The extraordinary rise in housing prices in China has increased the risk and uncertainty faced by central and local governments when making decisions related to land auctions, mortgage policy, land supply, monetary policy, and fiscal policy. A high house price is detrimental to consumer welfare, but low house prices are harmful to government revenue and prompt it to make some decisions, such as reducing the supply of salable land, which further worsens volatility in house prices in the future (Wen and Goodman [1] concluded that the rising housing price causes land price to increase and vice versa; thus, declining housing price causes land price to decrease, which ultimately results in the lower government revenue, taking the existence of so-called land public finance at the local level into account). Therefore, an understanding of behavioral mechanism and accurate forecasts of house prices is a critical element of making decisions under uncertain conditions that significantly affect consumer welfare and government revenue and is of great practical significance for policymakers when designing real estate regulations.

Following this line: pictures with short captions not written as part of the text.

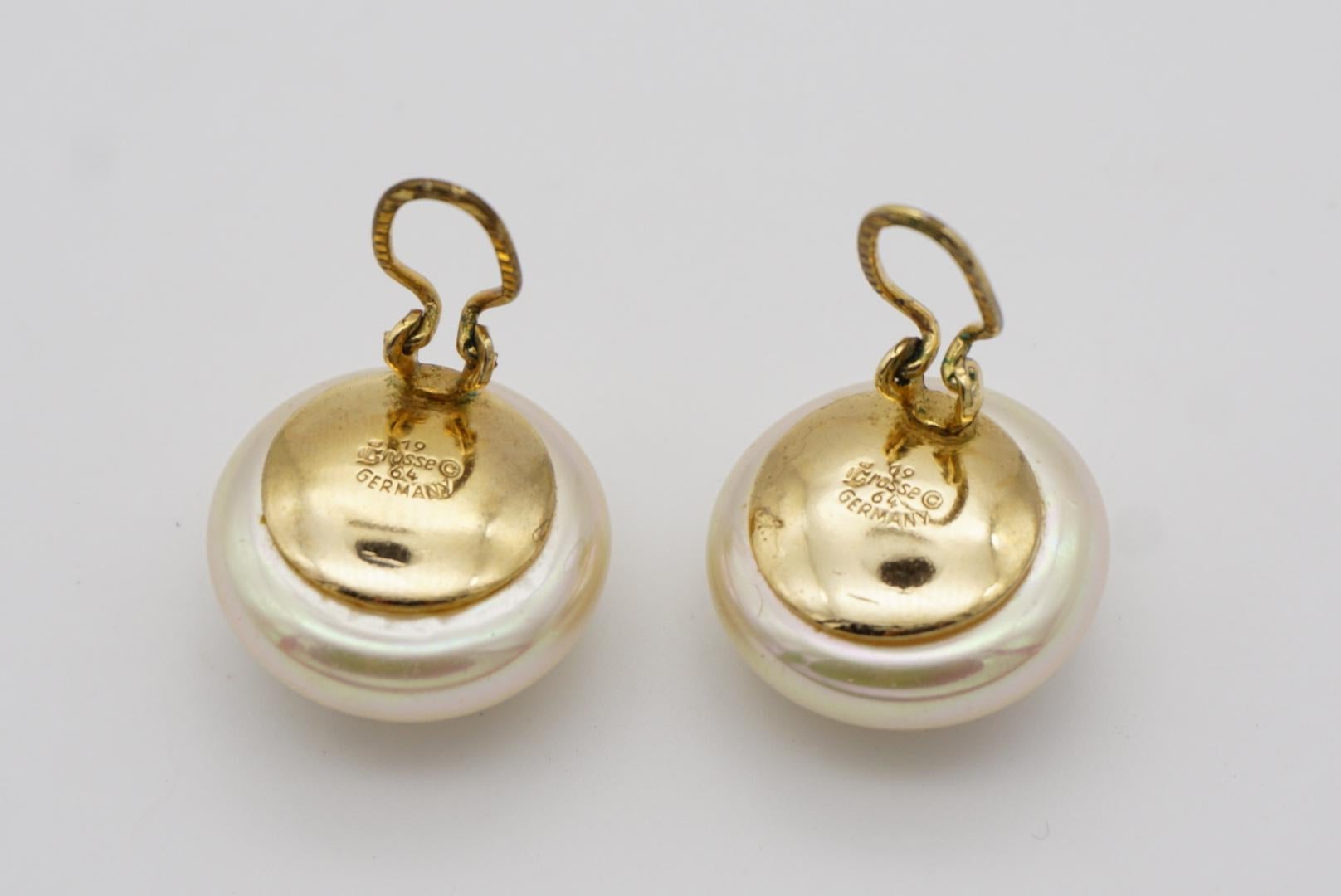 Christian Dior GROSSE 1964 Vintage Large Round Aurora White Pearl Clip Earrings 4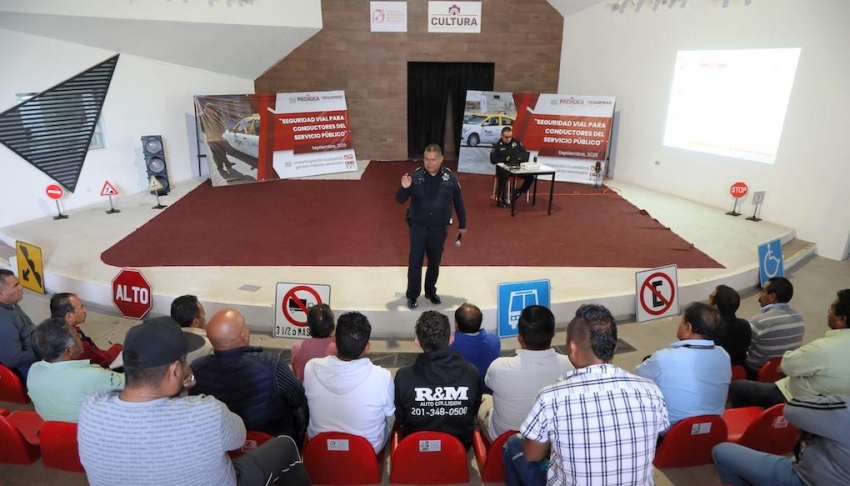 Capacitan a más de 100 operadores del transporte público en Pachuca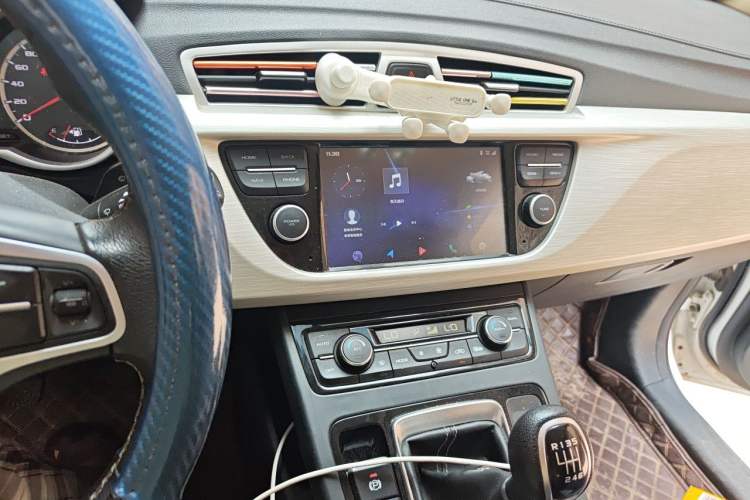Used Geely Auto Emgrand X7 Sport 2020 1.8TD Manual Two-Wheel Drive Elite Version Audio And AC Panel
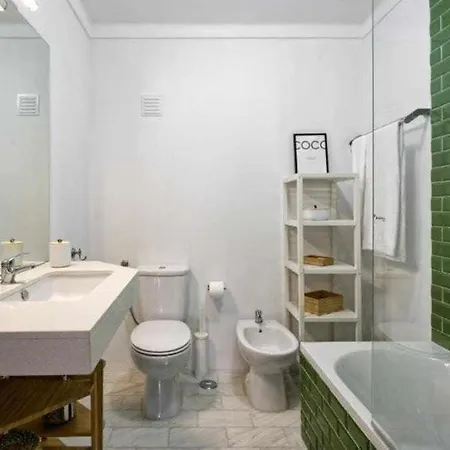 Com Piscina E Jardim Privado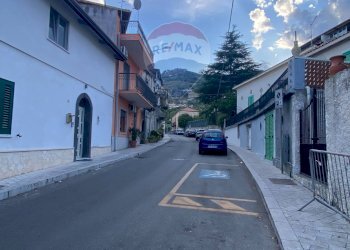 Edificio all\'aperto - Casa indipendente via Cristofolo colombo
 
5, Sant'Alessio Siculo - foto 23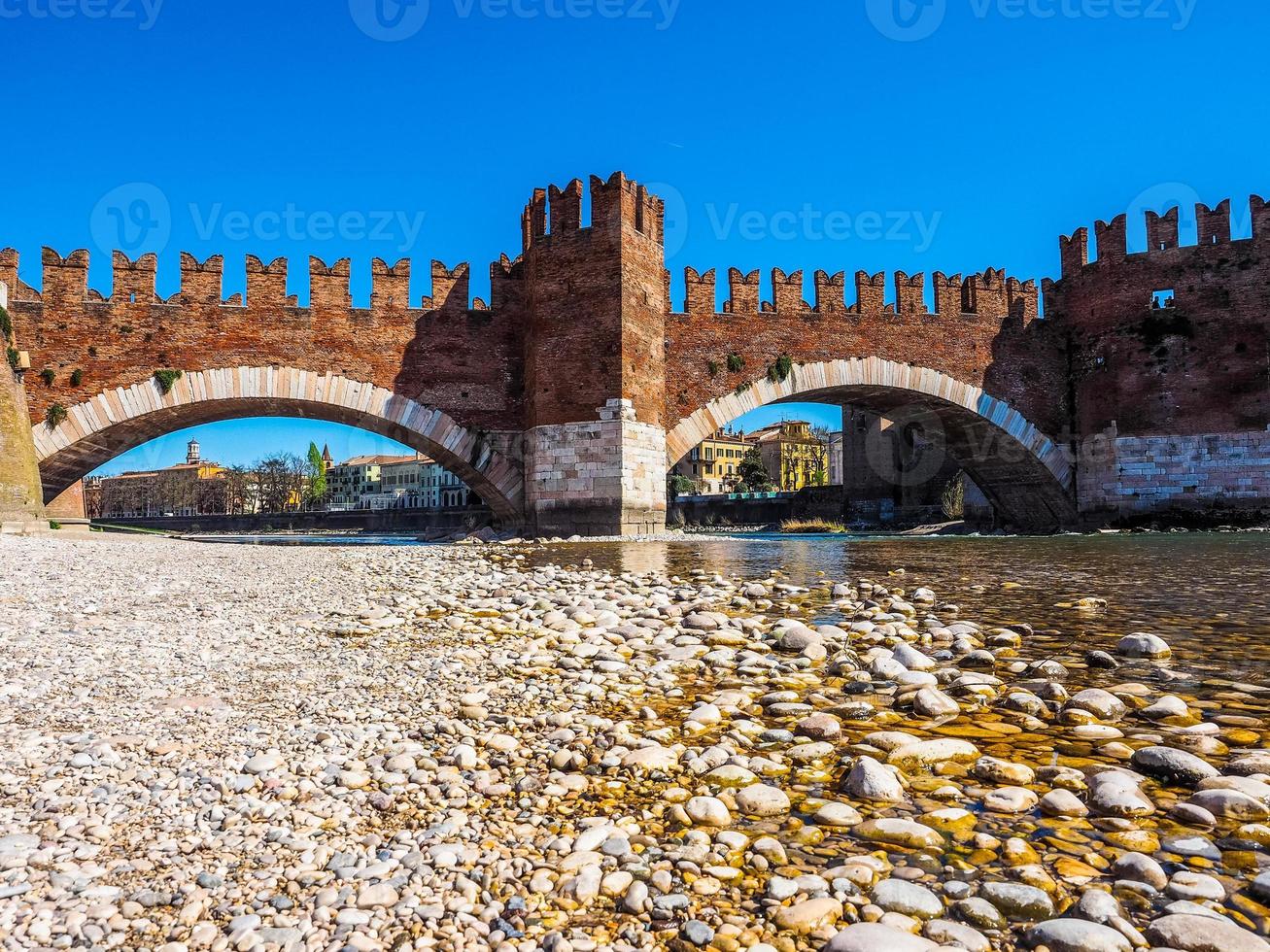 hdr castelvecchio-brücke alias scaliger-brücke in verona foto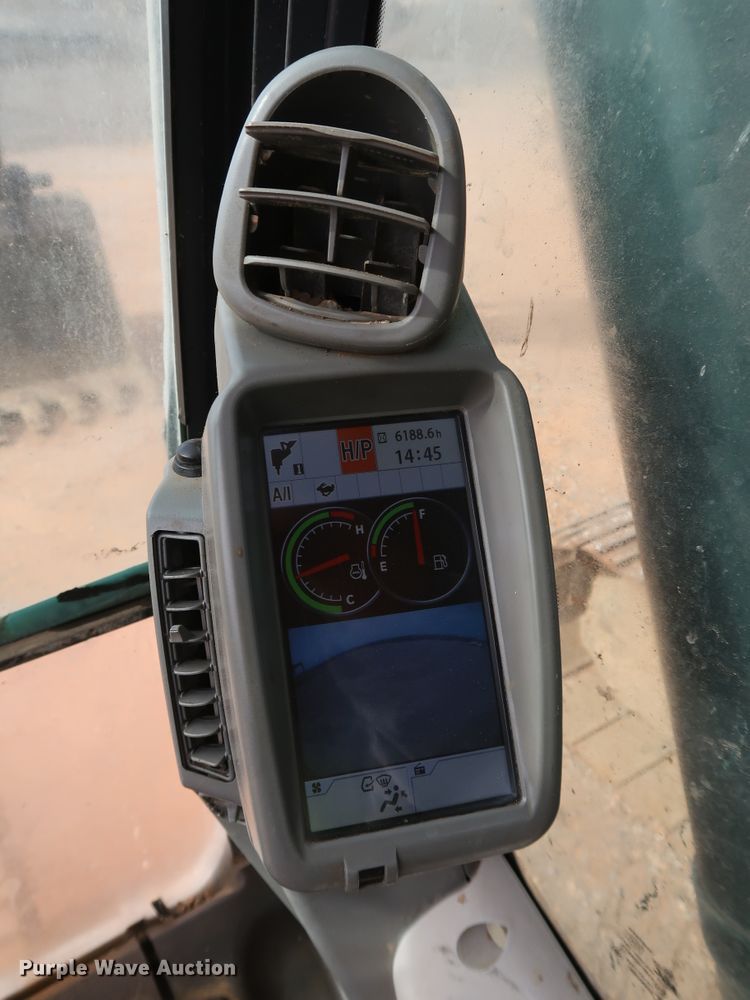 image for item DK3581 2015 John Deere 210G LC  excavator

The existing literature demonstrates many efforts to analyze real estate pricing behavior ([112]; Wu, 2015). For example, Hott and Monnin [7] proposed two alternative models, based on a no-arbitrage condition between renting and buying and the market equilibrium between housing demand and supply, respectively, to estimate fundamental prices on real estate markets. Hossain and Latif [8] examined the determinants of housing price volatility and investigated the dynamic effects of these determinants on volatility, by using GARCH and VAR models. Ren et al. (2012) applied the theory of rational expectation bubbles to the Chinese housing market. Based on data in 35 cities in China, they found no evidence of such bubbles in the Chinese housing market. Du et al. [4] examined the impacts of land policies on the dynamic relationship between housing and land prices in the Chinese real estate market and found that a unidirectional Granger causality between housing and land prices exists in the short run. Gupta et al. [6] assessed the impact of monetary policy on inflation in house prices in the nine census divisions of the US economy using a factor-augmented vector autoregression (FAVAR) model. Wen and Zhang (2013) developed a simultaneous equations model to explore the interaction between housing prices and land and found that the rising housing price causes land prices to increase and vice versa. Zhang et al. [12] investigated the effect of regulations on the relationship between housing prices and volume in China. Wang and Xie [10] examined the correlation structure and dynamics of international real estate securities markets using a minimum spanning tree, the hierarchical tree, and the planar maximally filtered graph.

Many traditional statistical techniques have been used in real estate price forecasting, such as autoregressive model [13], dynamic model averaging [14], lattice models and geostatistical models [15], and fixed-effects model [16]. For example, Clapp and Giaccotto [13] used an autoregressive process, which was adopted to produce one-quarter-ahead forecasts for individual properties, to model a city-wide housing price index. Beracha et al. [16] examined the extent to which future cross-sectional differences in house price changes were predicted based on online search intensity in prior periods. Bork and Moller [14] examined house price predictability across the US using dynamic model averaging and dynamic model selection, which allows for model change and parameter shifts. Under the assumption of linear hypothesis, these econometric models perform well. However, due to the significant nonlinear hidden patterns in the real estate price, those statistical and econometric models are not suitable for forecasting real estate prices under real-life conditions.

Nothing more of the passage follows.